Employee's Right of Information and Disclosure of their Recorded Personal Information 

June, 2019 - Monique Sandidge

State Labor Court (Landesarbeitsgericht; LAG) Baden-Württemberg dated December 20, 2018 - 17 Sa 11/18

Pursuant to Art. 15(1) GDPR, the employee may request information and a copy of the personal information which the employer has recorded of him/her. A general refusal by the employer to provide information or hand over the information due to justified third-party interests is not sufficient, but must be adequately explained by the employer.

FACTS OF THE CASE

In employment termination proceedings, the employee did not only assert claims for viewing of his employee record, but also a claim for disclosure of other personal performance and behavioral information - not contained in the employee record - stored by the employer. The employer issued a blanket refusal to provide such information, claiming that there were prevailing third-party interests worthy of protection.

DECISION

The appeal before the LAG Baden-Württemberg was successful. The LAG believes that the employee is entitled to a right of disclosure and receipt of personal performance and behavior-related information stored by the employer pursuant to Art. 15(1) and (3) GDPR. The employee could also limit the claim to his performance and behavior-related information since, according to Recital 63 p. 7 relating to the GDPR, the data subject should have the right to limit his/her comprehensive information request himself/herself. The employer’s argumentation that there were no “negative lists or similar records” in addition to the employee records was not well-founded since merely the business emails presented by the employee provided evidence that personal information was collected - without direct allocation with the employee record.

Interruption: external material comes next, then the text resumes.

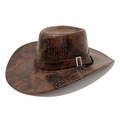 Cappello da cowboy vintage marrone con trama in pelle di coccodrillo e fibbia in metallo - Taglia unica(56-58cm) / caffè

However, according to the LAG, the right to receive a copy does not apply without any restrictions when and if this affects the rights and freedoms of other persons. Furthermore, the right to information and receipt of personal information is also restricted by Sec. 29(1) s. 2 German Federal Data Protection Act (Bundesdatenschutzgesetz; BDSG) if this would result in the disclosure of information which should be kept confidential by law or by its very nature, in particular because of the overriding legitimate interests of a third party. The employer must however clearly specify the reasons for non-disclosure and cannot in particular simply provide the blanket statement that “there are prevailing non-disclosure interests.”The LAG has approved the appeal before the German Federal Labor Court (Bundesarbeitsgericht; BAG) with regard to the right to information, so that the last word of the BAG is still not spoken.

PRACTICAL TIP

There is concern that employers will face claims for information pursuant to Art. 15 GDPR in the course of employment termination proceedings more often in the future in order to increase the pressure on the employers. Employers must prepare for this scenario. On the one hand, the introduction (where not available yet) of an electronic employee record seems obvious; thus, data can be accessed more readily and, at the same time, experience shows that the employer can monitor better what is added to the employee record. However, on the other hand, accessibility of the other data, if required by partial blackening of passages, must be ensured. Many companies must now act, in particular as far as identifying the parties in need of non-disclosure is concerned—even more so due to the German Classified Information Act (Geheimnisschutzgesetz). In legal proceedings, the employer must be able to demonstrate for which information the non-disclosure interest claim is asserted and the corresponding reason. Vice versa, one might ask in legal proceedings at what point a general right to information would have to be classified as an unjustified blanket request.